Sec. 8. 12 MRSA §6072, sub-§10, ¶D, as repealed and replaced by PL 2003, c. 247, §6, is amended to read:
D. The lessee shall annually submit to the department a seeding and harvesting report for the past year and a seeding and harvesting plan for the coming year. Upon written request, the department shall provide a copy of the report to the municipality or municipalities in which or adjacent to which the lease is located. The seeding and harvesting reports submitted by a lessee under this paragraph are considered confidential business record proprietary information for the purposes of section 6077 , subsection 4.

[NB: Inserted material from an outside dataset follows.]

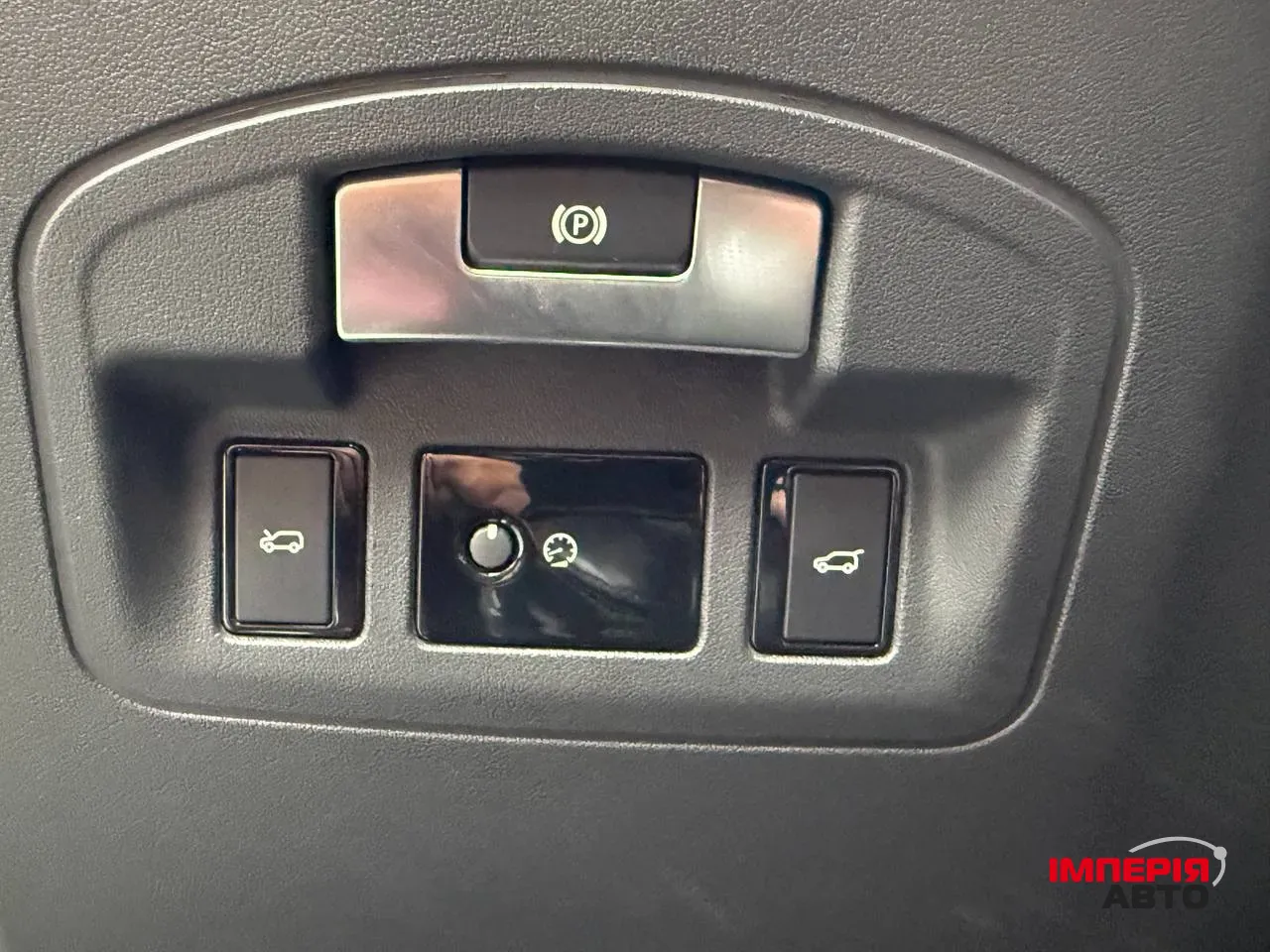 Jaguar I-Pace - фото 40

Sec. 9. 12 MRSA §6072-A, sub-§17-A, ¶B, as enacted by PL 2003, c. 247, §13, is amended to read:
B. The lessee shall mark the leased area in a manner prescribed by the commissioner; and
Sec. 10. 12 MRSA §6072-A, sub-§17-A, ¶C, as enacted by PL 2003, c. 247, §13, is amended to read:
C. The lessee shall annually submit to the commissioner a report for the past year on results of the scientific research or commercial research and development undertaken at the lease site and a plan for the coming year. Results of commercial research and development submitted to the commissioner are confidential records for the purposes of Title 1, section 402, subsection 3, paragraph A . Upon written request, the commissioner shall provide a copy of the public records in the report to the municipality or municipalities in which or adjacent to which the lease is located. ; and
Sec. 11. 12 MRSA §6072-A, sub-§17-A, ¶D is enacted to read:
D. The lessee shall annually submit to the department a seeding and harvesting report for the past year and a seeding and harvesting plan for the coming year. Upon written request, the commissioner shall provide a copy of the report to the municipality or municipalities in which or adjacent to which the lease is located. The seeding and harvesting reports submitted by a lessee under this paragraph are considered proprietary information for the purposes of section 6077, subsection 4.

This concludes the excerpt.